_What you need to do:_
Transcribe word for word the section of the records below that opens with the line containing "Hello guys, welcome" and closes with the line containing "A common question"; drop every picture.
** Opening Provided data block **
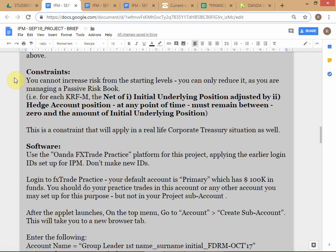There are a few elements to this rule. The first element is the initial underlying position — in crude oil that is 1 million barrels. The second element is the hedge account position. I just sold 1,000 barrels on the hedge account, so the hedge account position is minus 1,000 barrels. This is the net of the two that the rule refers to.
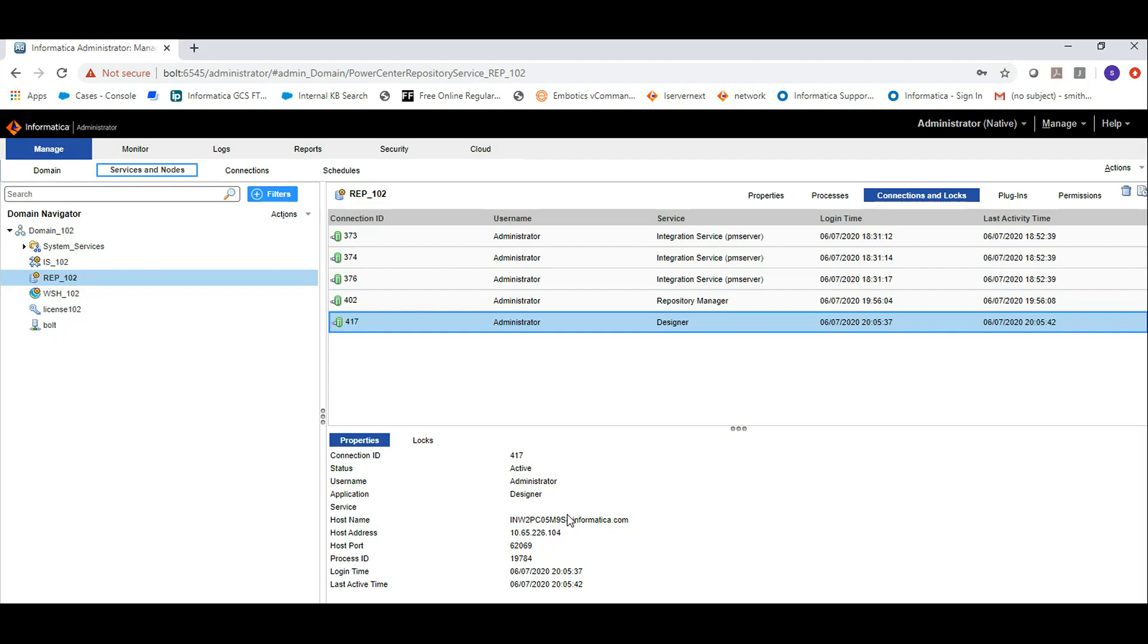If you want to kill a particular connection, you can click on that connection, see from which host it is coming, and kill it.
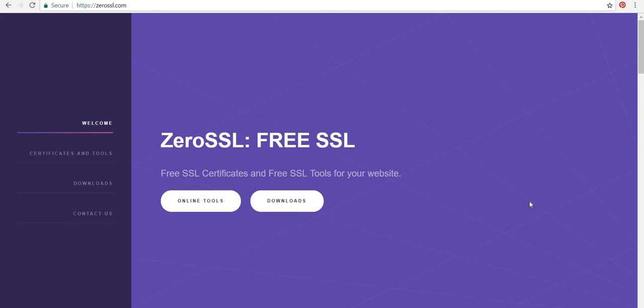Hi, Tim Unkert here and I'm going to show you how to get a free SSL for your GoDaddy website.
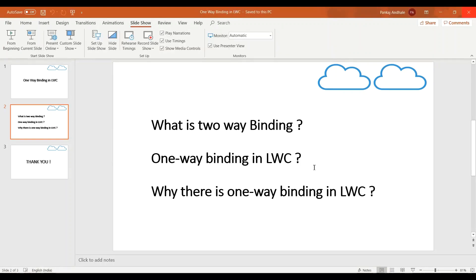Hello guys, welcome to Salesforce Predator. In this channel we discuss about various concepts and technologies in Salesforce. This video is part of the Lightning Web Component series. If you want to watch other videos of LWC or any other concept in Salesforce, do visit the channel. In this video we are going to discuss what is two-way binding, then one-way binding in Lightning Web Component, and why there is a need for one-way binding in LWC and its advantages.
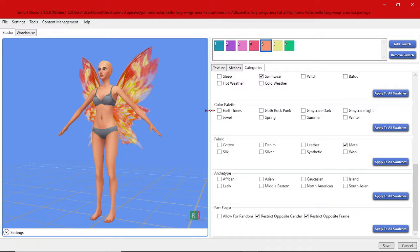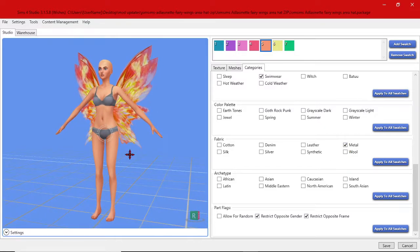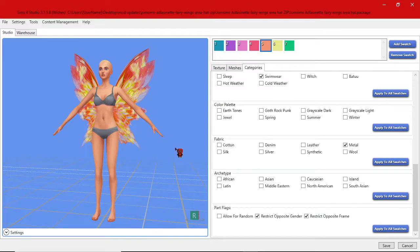Now this will once you've got in game and put it on a sim will remain if the sim is naked or changes their clothes or pops in the shower or whatever they're doing they will maintain these wings.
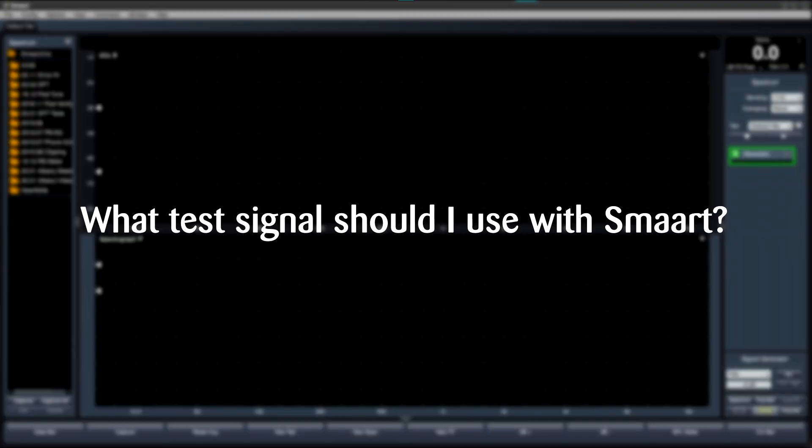A common question from people learning to work with Smaart is: what test signal should I use? Will I get better or more accurate results with a certain type of test signal?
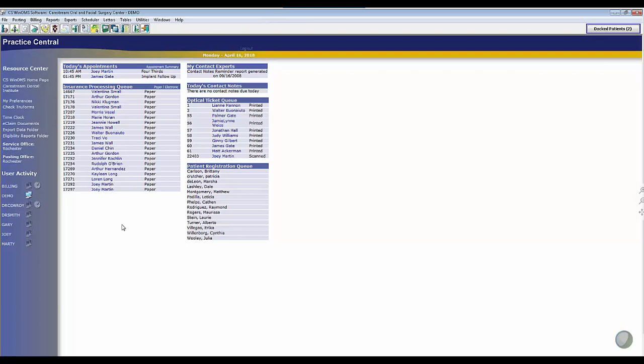Joe Hood here from CareStream with my WinOMS specialist, Joey Martin. Everyone knows how important referrals are to a specialty practice.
** Closing Provided data block **
_Response to the exercise:_
Hello guys, welcome to Salesforce Predator. In this channel we discuss about various concepts and technologies in Salesforce. This video is part of the Lightning Web Component series. If you want to watch other videos of LWC or any other concept in Salesforce, do visit the channel. In this video we are going to discuss what is two-way binding, then one-way binding in Lightning Web Component, and why there is a need for one-way binding in LWC and its advantages.
Now this will once you've got in game and put it on a sim will remain if the sim is naked or changes their clothes or pops in the shower or whatever they're doing they will maintain these wings.
A common question from people learning to work with Smaart is: what test signal should I use? Will I get better or more accurate results with a certain type of test signal?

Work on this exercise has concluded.